─── EXERCISE INPUT

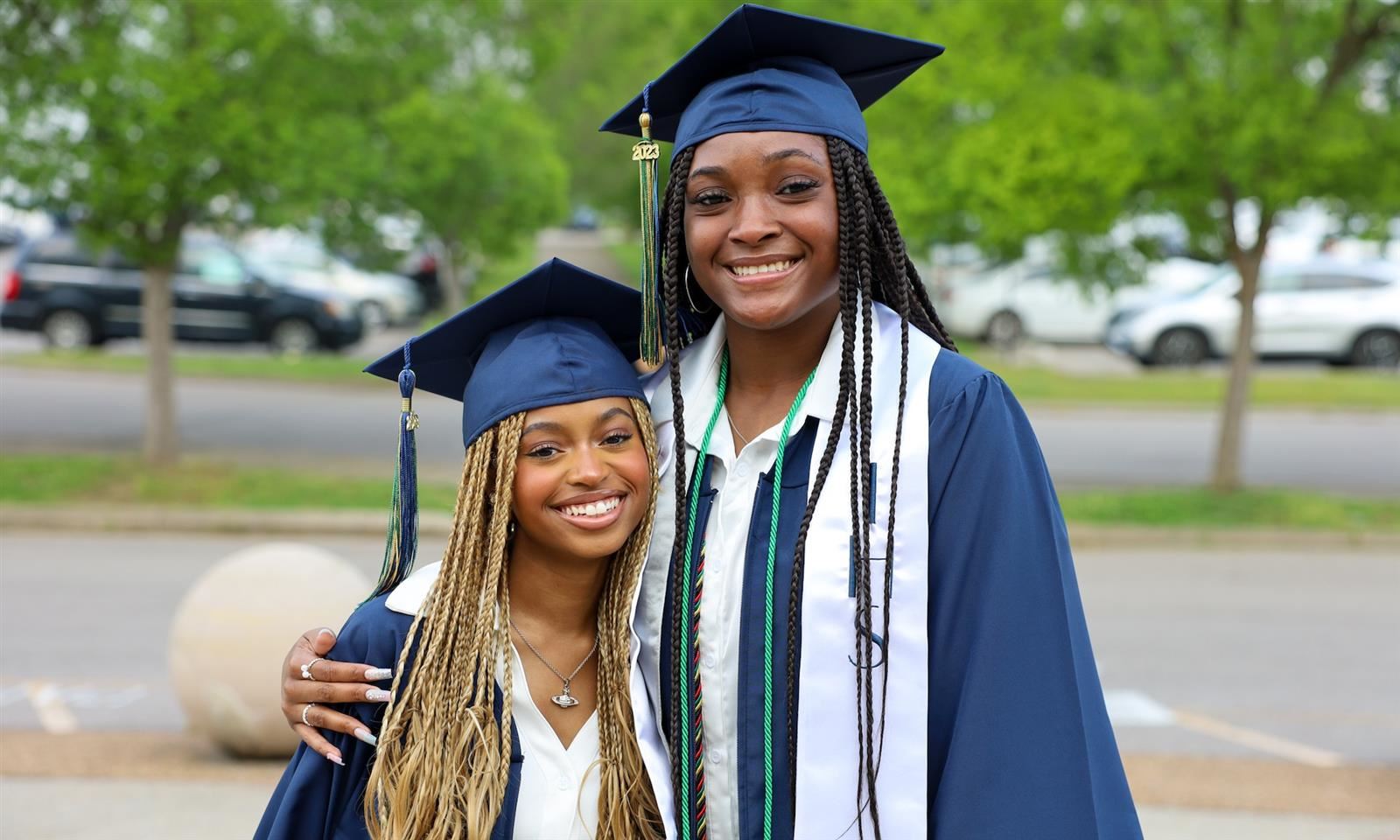 Two graduates smile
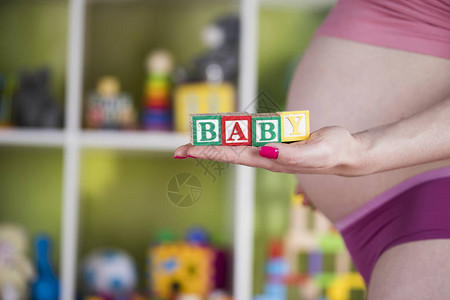 婴儿玩具快乐孕妇图片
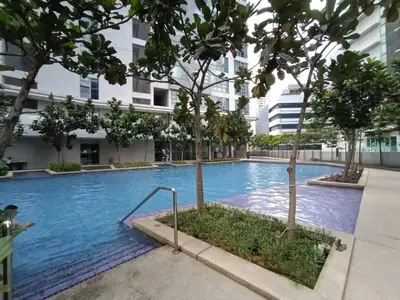 a large swimming pool with trees in a building at The Robertson @ 118 Tower Super View in Kuala Lumpur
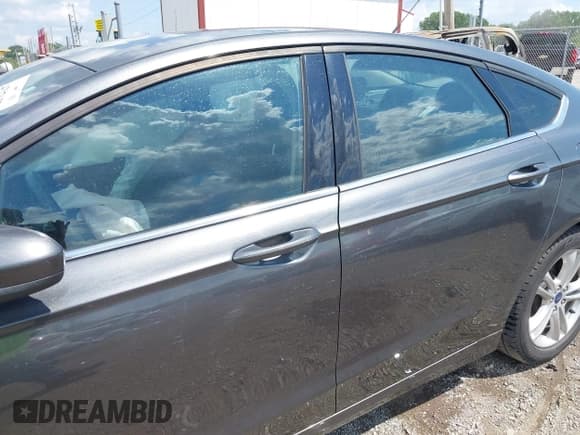 ✅ 2018 Ford Fusion SE • VIN: 3FA6P0HDXJR193777 • Lot: 42926576. Listed on IAAI with 59,726 mi. Free auction sales archive from the USA and detailed vehicle history report at DreamBid. Image 14.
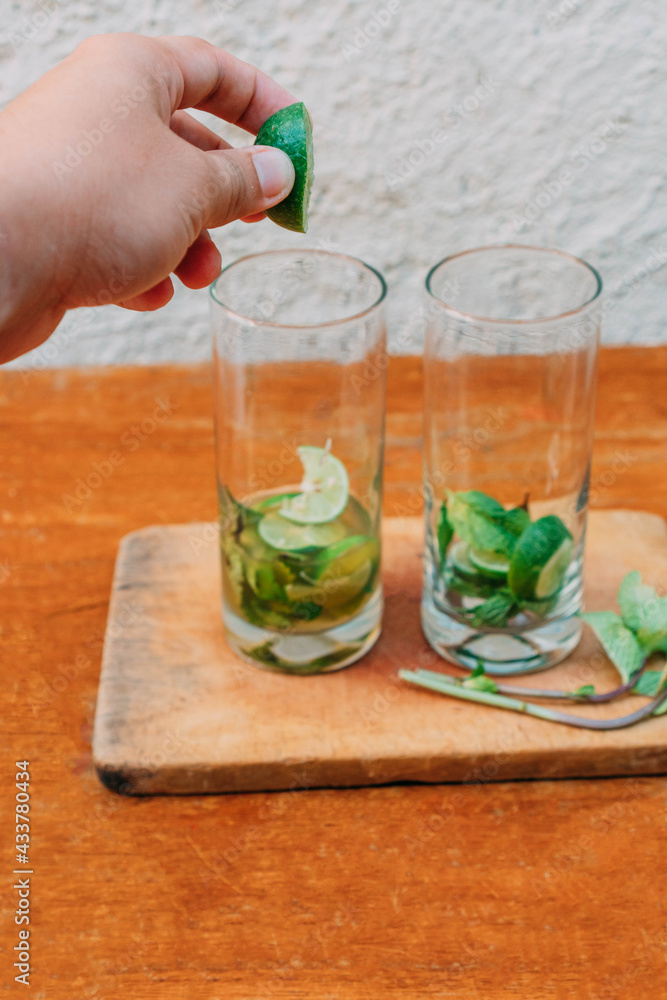 Fototapeta premium Preparing a delicious mojito at home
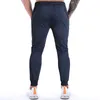 Pantalones de hombre 2023, pantalones elásticos ajustados informales, pantalones de chándal con cordón de retazos de banda elástica a la moda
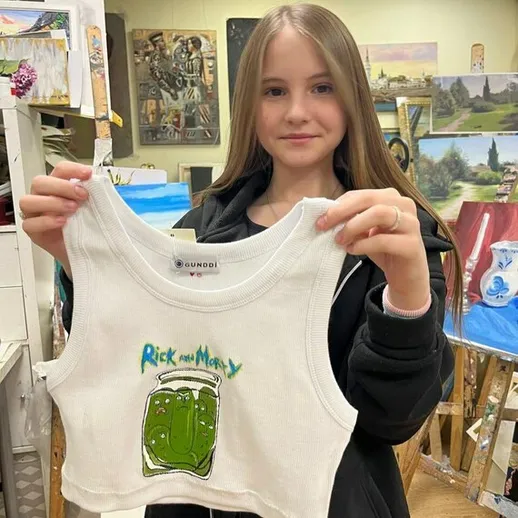 Девочка демонстрирует модный топ с изображением персонажей из мультфильма в художественной мастерской
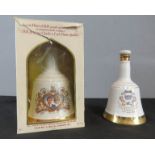 Two commemorative Bells Whisky bottles, with contents, one commemorating the Birth of William.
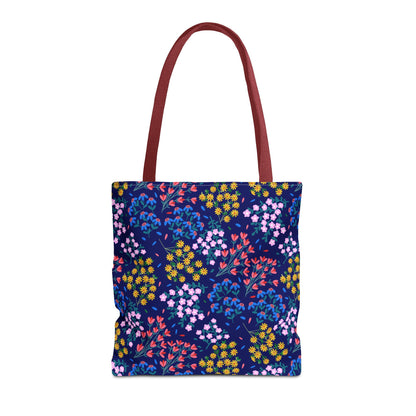 Midnight Garden Tote Bag features a navy-blue backdrop with vibrant clusters of yellow, pink, red, and blue flowers, complemented by long handles, perfect for adding stylish, cheerful functionality to daily routines.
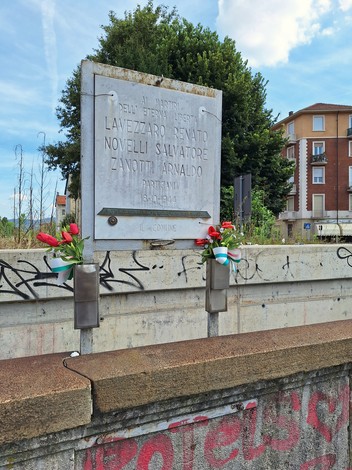 Lapide commemorativa in onore di Lavezzaro, Novelli e Zanotti, con fiori in omaggio.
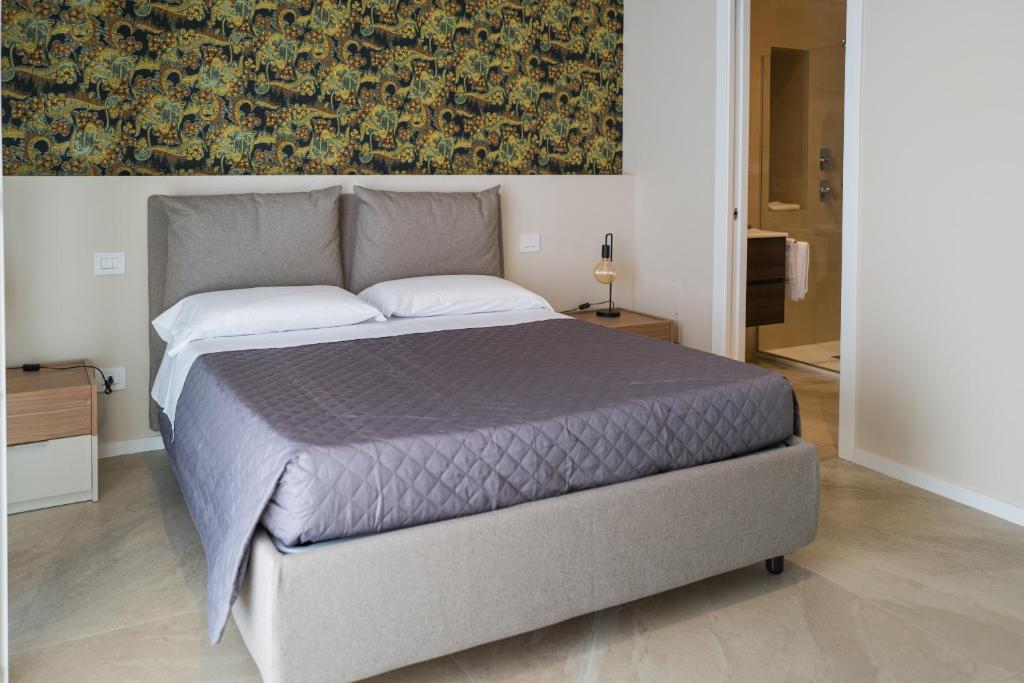 Postel nebo postele na pokoji v ubytování B&B Nonna Rosa - Via Castellucci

──────

**DIRECTIONS FOR THIS TASK:** Give back exactly the lines above that run from the one with "DreamBid. Image 14." to the one with "Two commemorative Bells", including both, with the pictures left out.

**ANSWER BOX:**
 ✅ 2018 Ford Fusion SE • VIN: 3FA6P0HDXJR193777 • Lot: 42926576. Listed on IAAI with 59,726 mi. Free auction sales archive from the USA and detailed vehicle history report at DreamBid. Image 14.
 Fototapeta premium Preparing a delicious mojito at home
 Pantalones de hombre 2023, pantalones elásticos ajustados informales, pantalones de chándal con cordón de retazos de banda elástica a la moda
 Девочка демонстрирует модный топ с изображением персонажей из мультфильма в художественной мастерской
 Two commemorative Bells Whisky bottles, with contents, one commemorating the Birth of William.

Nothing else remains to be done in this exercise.